Vittore é combattuto visto che Katerina é amica di Vania, la sua “quasi” ex, che fa la cameriera nel ristorante gestito proprio dalla moglie del caporale Giuseppe, persona rispettata e conosciuta del posto per la sua attività di collocamento di manodopera a basso costo nelle aziende agricole pugliesi.
Così Vittore, dopo essersi caldamente consigliato con gli amici del bar decide di non partire.
La Sua indagine quindi non va lontano da Ceglie ma resta lì tra le pietre, gli olivi e le viti di un luogo che sembra ideale sia agli occhi del lettore che a quelli del buon Vittore.
E sì, perché Vittore Guerrieri, giunto qui alla sua terza indagine ( Il volo dell’eremita e L’innocenza di Tommasina), alla fine é un buono, magari confuso dall’amore per una donna ammaliante come Lola, di sani principi e un “caporale” non può proprio aiutarlo. Scava così a fondo, fino a stravolgere ad annacquare i sapori ed i colori accesi proprio di quella Puglia, meta di vacanze estive, che diventa il teatro in cui si muovono caporali, donne sfruttate e sottomesse come schiave e utilizzate come merce di scambio.
Il tema del caporalato dello sfruttamento rompe prepotentemente la pagina riportando il lettore a guardare una realtà offuscata, nella prima parte del romanzo, dagli odori della cucina tipica, dai ricordi ancestrali legati all’ etnia di Lola, l’affascinante moglie del Caporale, tra le cui braccia ( e gambe) Vittore finisce per perdersi.
Ma la realtà é ben altra cosa è la verità spesso é scomoda.
E così Vittore, per far luce sulla scomparsa di Katerina si affida ai suoi amici, tanto diversi quanto portatori di bagliori di veritá. Ecco allora il Professore, amico intellettuale da bar o il maresciallo Tamurri che, tra un fritto e l’ altro, ascolta le testimonianze di Vittore e, infine, il sarcastico Mario che con la sua “ saggezza popolare”, attraverso il colorito dialetto locale ( debitamente tradotto) mette Vittore in guardia dai pericoli sentimentali e non , che la sua personale indagine può procurargli.
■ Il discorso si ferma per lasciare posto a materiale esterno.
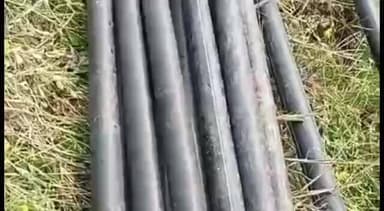 लखनादौन: ग्राम गोरखपुर में अज्ञात चोरों ने किसानों के पाइप चुराए, नुकसान भी किया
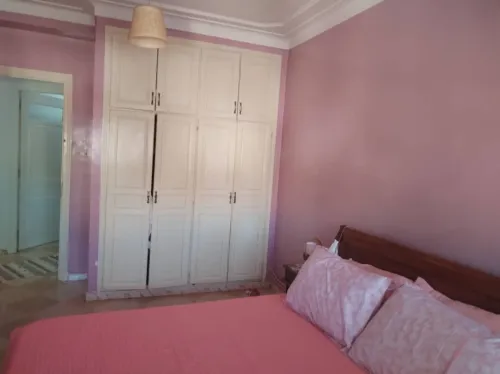 Vente Appartement F4 Alger El achour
In un momento in cui il tema del caporalato e dello sfruttamento nei campi, piaga storica del bel paese, sembra tornato all’attenzione dell’opinione pubblica, Caterina Emili ne parla delicatamente incastrando il tema in un quadro delicato, in uno sfondo pieno di colori vivi che però, nello scorrere delle pagine, é lentamente sopraffatto dal grigiore della parte più feroce di una terra che, per lo stesso protagonista, sembra da favola.
Da buona giornalista la Emili racconta in maniera dettagliata la vita dei braccianti nei campi, il meccanismo del caporalato, il funzionamento ben oliato, nel corso degli anni, di questa fiorente attività illegale davanti a cui Vittore non vuole rassegnarsi proprio come un guerriero (sarà mica un caso che il suo cognome sia Guerrieri) pieno di sani principi che ha come unica debolezza quella per le donne.